Enfin, cette proposition de loi comporte également une avancée réclamée de longue date par le Centre des monuments nationaux et par les défenseurs du patrimoine : elle consacre le système de péréquation du Centre de sorte que, demain, les monuments déficitaires continueront à bénéficier des excédents dégagés par les monuments bénéficiaires – on se souviendra à ce propos que, lors de son audition, Mme Isabelle Lemesle, présidente du CMN, a précisé que ces derniers, au nombre de six seulement, permettaient de faire vivre plus de 90 autres, largement déficitaires.

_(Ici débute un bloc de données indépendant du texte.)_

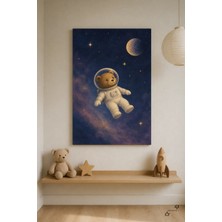 Uzayda Sevimli Astronot Ayı — 30×40 cm Kanvas Tablo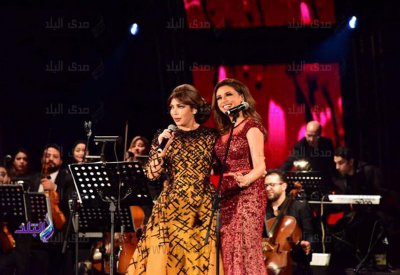 جمهور ومتابعي الفنانة أنغام يردون على اصالة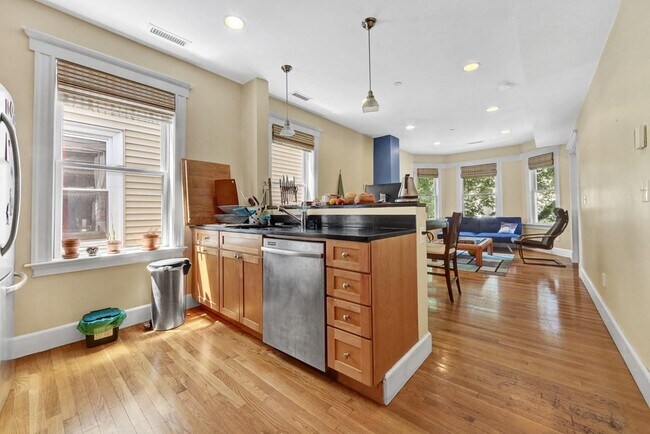 Building Photo - 283 Western Ave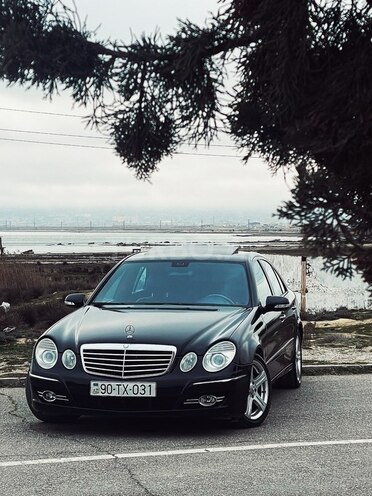 Mercedes E 270 2002, 353,509 km - 2.7 л - Bakı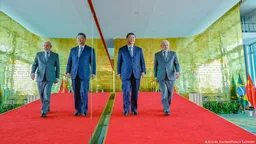 习近平与巴西总统卢拉通电话：反对外来干涉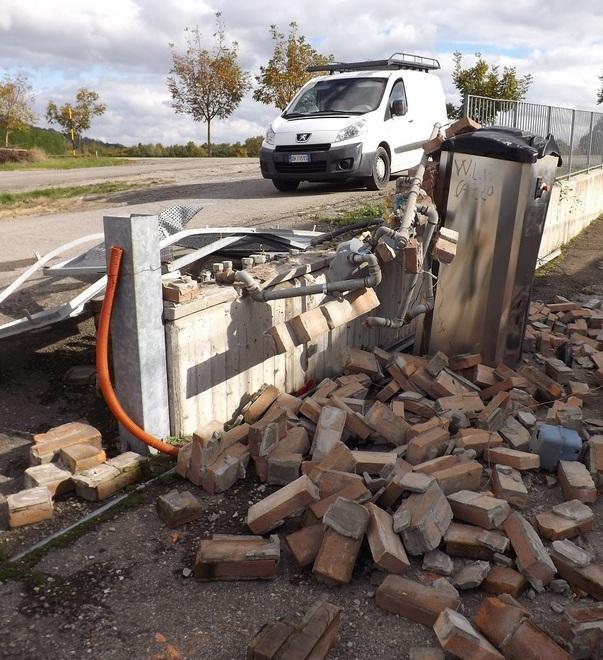 Furgone sbanda e si schianta sui contatori del gas
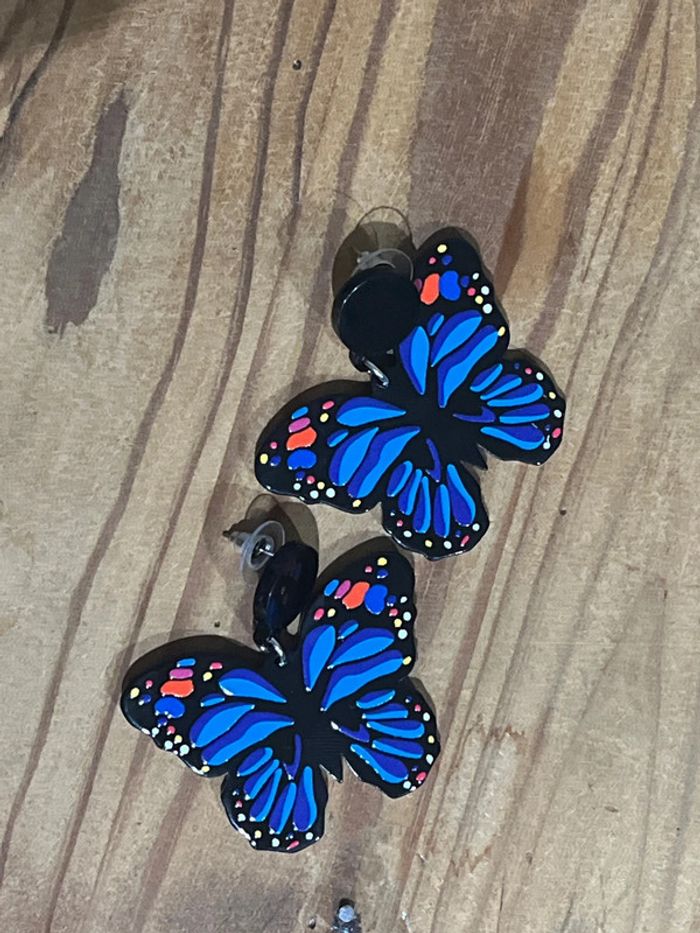 Boucle d’oreille papillon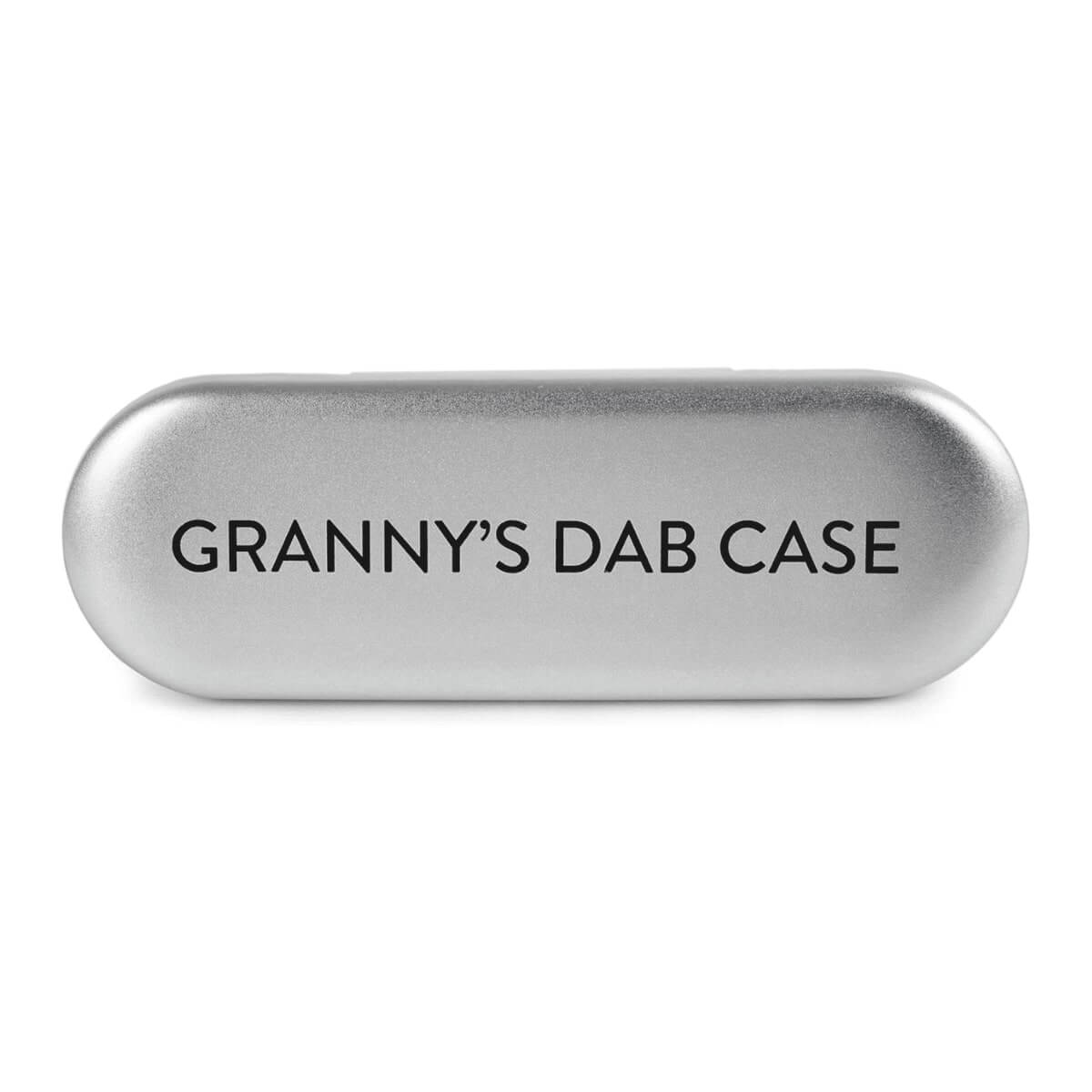 Metall-Dab Case mit Aufschrift „Granny’s Dab Case“ in Silberoptik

Pour ce qui concerne les autres dispositions, l'article 1erA consacre dans notre droit la notion de patrimoine mondial, qui n'a pas encore d'existence législative, afin d'assurer une meilleure protection de ce patrimoine. L'article 2 bis comporte une disposition attendue depuis fort longtemps par les défenseurs du patrimoine : la possibilité de classer des objets comme des ensembles cohérents et de grever des objets ou ensembles classés d'une servitude de maintien in situ – la lamentable affaire des « châteaux japonais » a naguère illustré les carences de notre arsenal législatif à cet égard.

Pour toutes ces raisons, mes chers collègues, je vous demande d'adopter la présente proposition de loi.